Monday, May 31, 2010

LOST: Haunted Hotel #1


As part of GHOULA's mission to preserve the haunted history of greater Los Angeles, periodically GHOULA will spotlight a haunted building from our great city that is no longer with us, in an effort to prevent these stories from being forgotten (even if their ghosts are also no longer with us).

THE AMBASSADOR HOTEL
(3400 Wilshire Boulevard, Los Angeles) Map

THE GHOST(S):

Opened in 1921 (demolished in 2005), the Ambassador Hotel (built on swamp land) was one of the first serious threats to Hollywood as a "playground for the stars" as celebrities searched for new areas where they could avoid the growing numbers of tourists. The hotel's own tropical-themed "Coconut Grove" night club (on the ground floor) became the new oasis for movie folk that wanted to be left alone. That said, unfortunately despite the glamour, elegance, and notable guests of this former landmark (and The Coconut Grove), the hotel was most famous for being the site of Robert Kennedy's assassination, which also marked the beginning of the end for this pink palace.
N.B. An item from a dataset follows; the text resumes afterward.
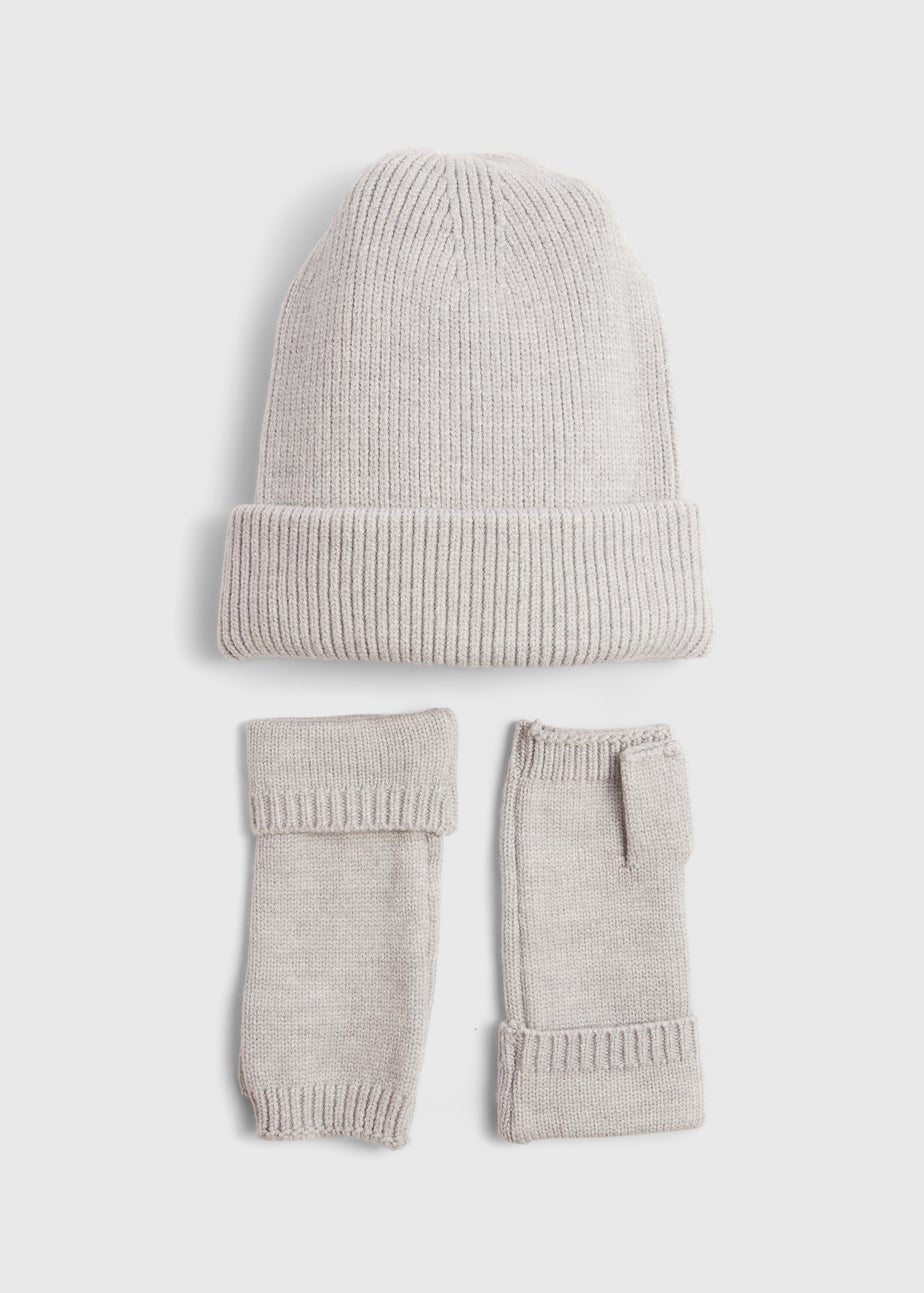 Grey Ribbed Beanie & Fingerless Gloves Set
After those tragic events, the Ambassador slid down to the fate of all historic buildings in Los Angeles (before they are demolished), becoming a "film location" with its luxurious ballroom becoming a sound stage. Occasionally however, it did regain its former glory when a production would shoot a "period piece" there, filling the halls with actors in vintages costumes. But, these moments were fleeting. Ironically, the movie "Bobby" about the assassination of Robert Kennedy took so long to get funding, the production was forced to "rebuild" the Ambassador (since the hotel was demolished shortly before production began).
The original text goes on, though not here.